(Activity)
Every record below must be returned exactly as it was received.

(Data extract)
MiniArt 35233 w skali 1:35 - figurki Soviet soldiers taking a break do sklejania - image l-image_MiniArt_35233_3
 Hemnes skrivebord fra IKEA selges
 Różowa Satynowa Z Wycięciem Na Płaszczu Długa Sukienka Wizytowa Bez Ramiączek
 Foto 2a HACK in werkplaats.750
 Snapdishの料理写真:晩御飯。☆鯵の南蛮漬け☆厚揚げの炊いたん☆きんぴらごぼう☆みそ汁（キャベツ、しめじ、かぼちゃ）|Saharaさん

(Answer box)
MiniArt 35233 w skali 1:35 - figurki Soviet soldiers taking a break do sklejania - image l-image_MiniArt_35233_3
 Hemnes skrivebord fra IKEA selges
 Różowa Satynowa Z Wycięciem Na Płaszczu Długa Sukienka Wizytowa Bez Ramiączek
 Foto 2a HACK in werkplaats.750
 Snapdishの料理写真:晩御飯。☆鯵の南蛮漬け☆厚揚げの炊いたん☆きんぴらごぼう☆みそ汁（キャベツ、しめじ、かぼちゃ）|Saharaさん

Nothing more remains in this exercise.